*Problem details*
Extract exactly and only the lines from the one containing "verboten, auf Altholz" through the end of the entries below. Pictures should not appear in the copy.

** Opening Material provided block **

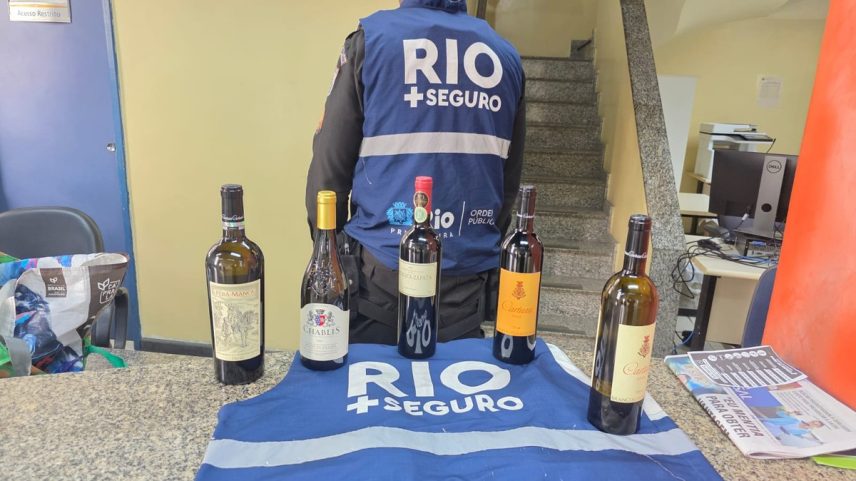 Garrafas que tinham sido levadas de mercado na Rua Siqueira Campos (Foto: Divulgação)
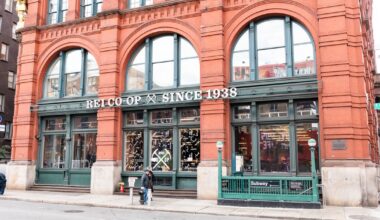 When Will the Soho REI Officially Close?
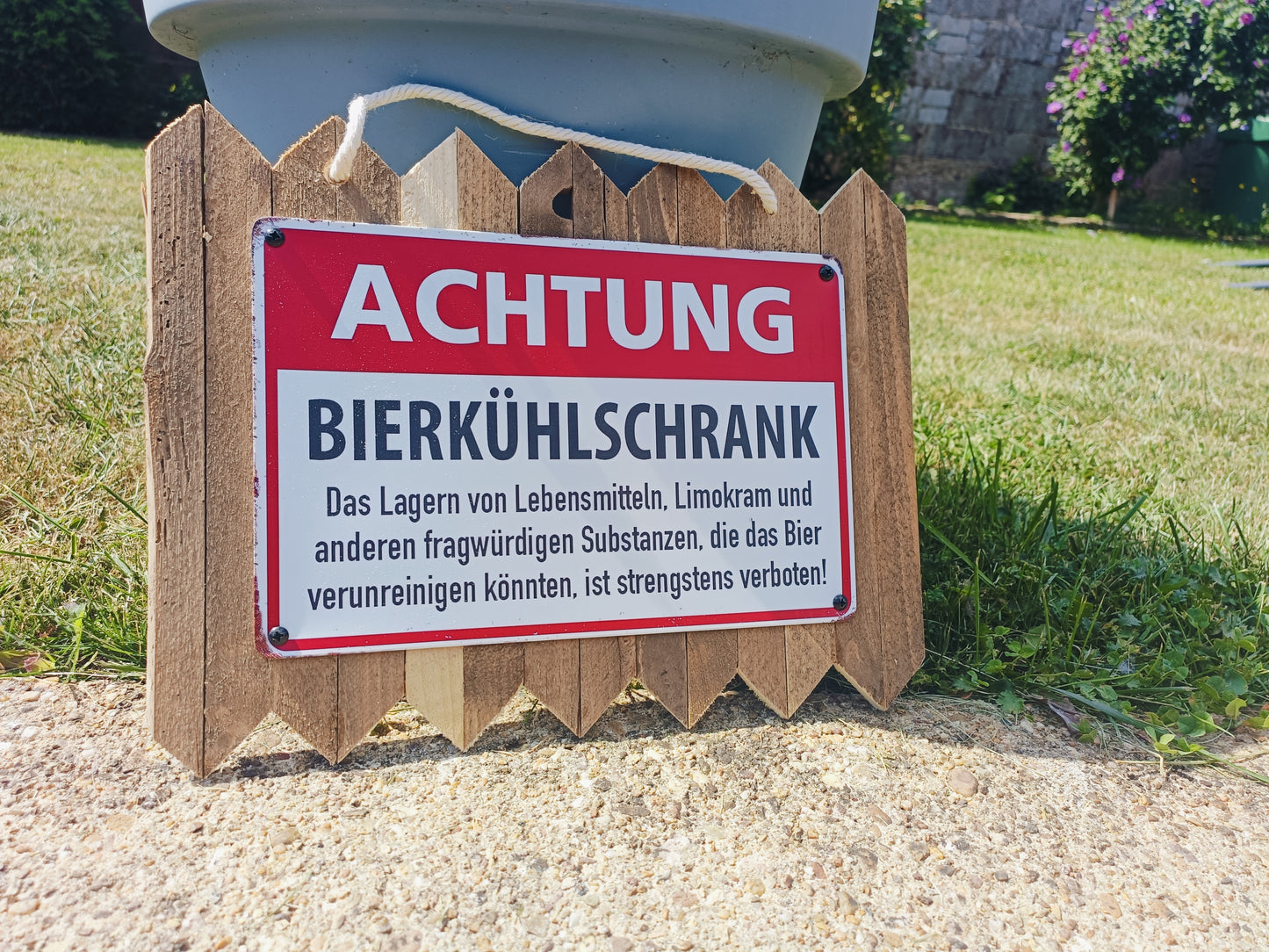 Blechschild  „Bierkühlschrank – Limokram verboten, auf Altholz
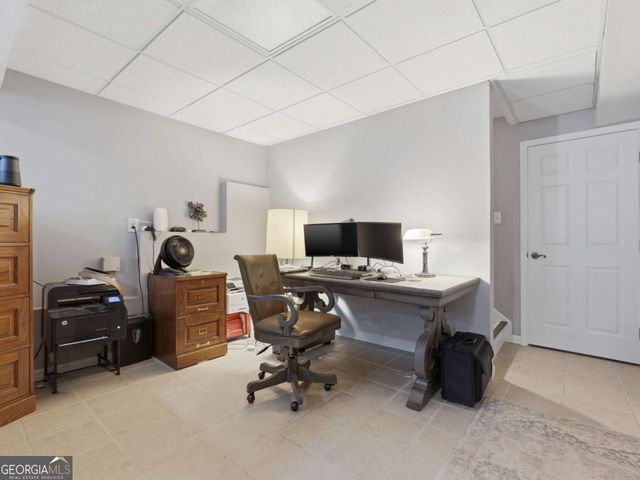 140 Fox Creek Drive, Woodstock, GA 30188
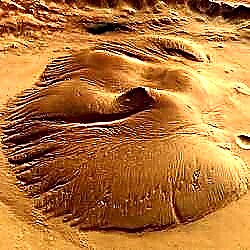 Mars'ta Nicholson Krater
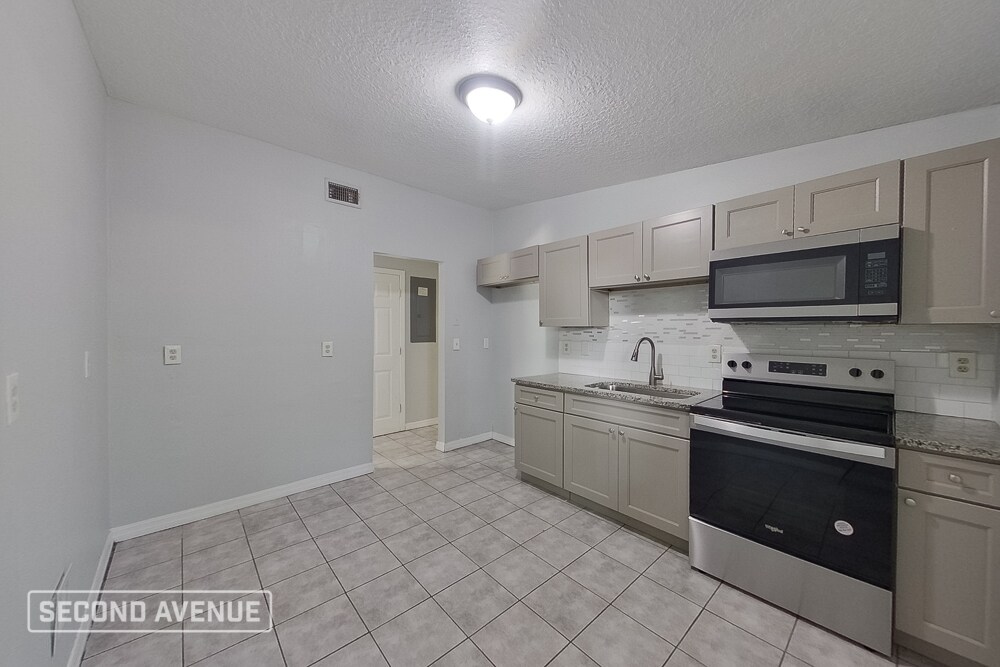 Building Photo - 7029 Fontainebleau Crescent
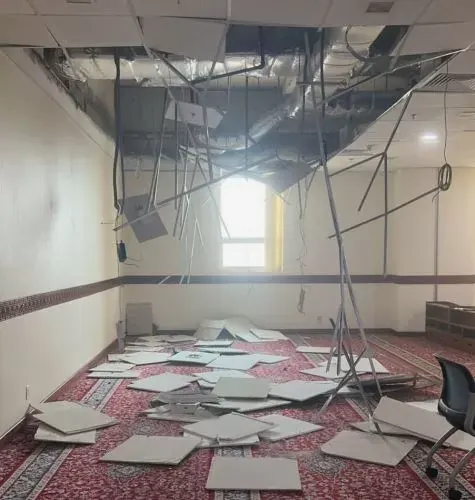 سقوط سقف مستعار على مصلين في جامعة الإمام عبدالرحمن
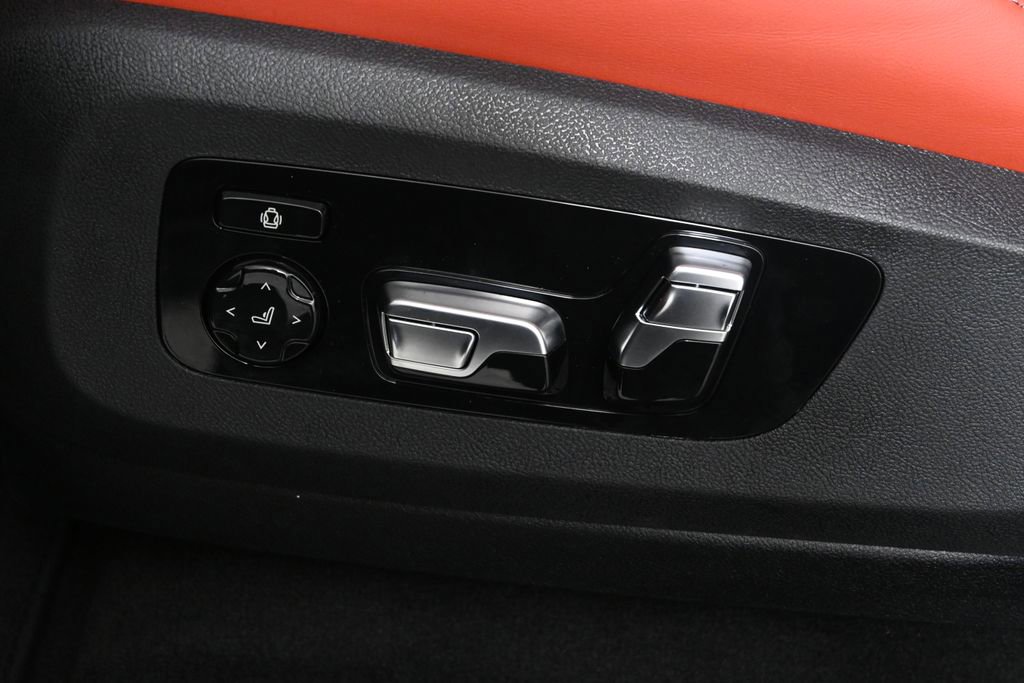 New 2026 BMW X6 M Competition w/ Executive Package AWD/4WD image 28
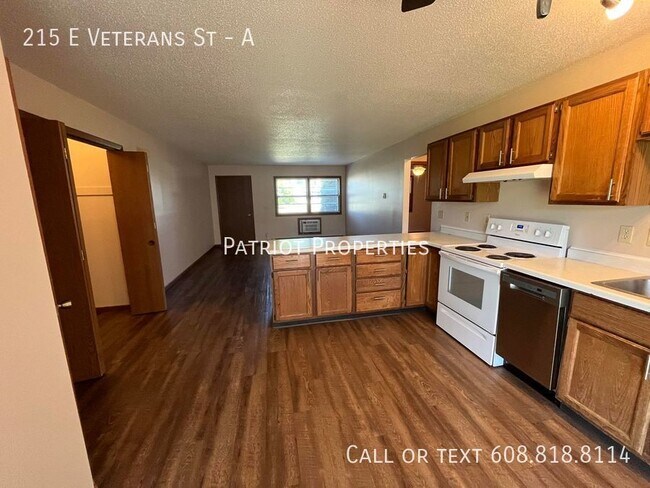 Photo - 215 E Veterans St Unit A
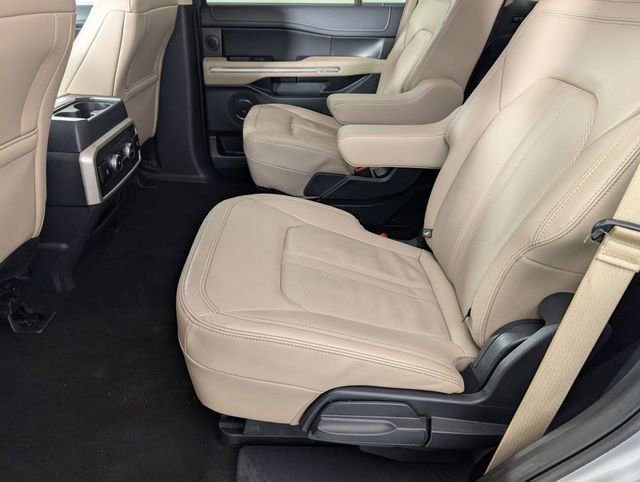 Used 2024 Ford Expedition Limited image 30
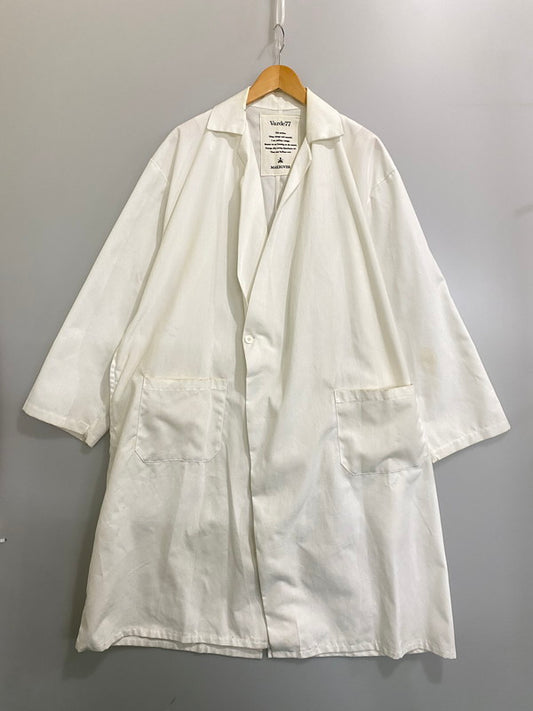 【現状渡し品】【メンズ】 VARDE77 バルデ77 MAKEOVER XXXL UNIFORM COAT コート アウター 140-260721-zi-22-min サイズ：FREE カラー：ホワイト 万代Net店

** Closing Material provided block **

*Problem solution*
 Blechschild  „Bierkühlschrank – Limokram verboten, auf Altholz
 140 Fox Creek Drive, Woodstock, GA 30188
 Mars'ta Nicholson Krater
 Building Photo - 7029 Fontainebleau Crescent
 سقوط سقف مستعار على مصلين في جامعة الإمام عبدالرحمن
 New 2026 BMW X6 M Competition w/ Executive Package AWD/4WD image 28
 Photo - 215 E Veterans St Unit A
 Used 2024 Ford Expedition Limited image 30
 【現状渡し品】【メンズ】 VARDE77 バルデ77 MAKEOVER XXXL UNIFORM COAT コート アウター 140-260721-zi-22-min サイズ：FREE カラー：ホワイト 万代Net店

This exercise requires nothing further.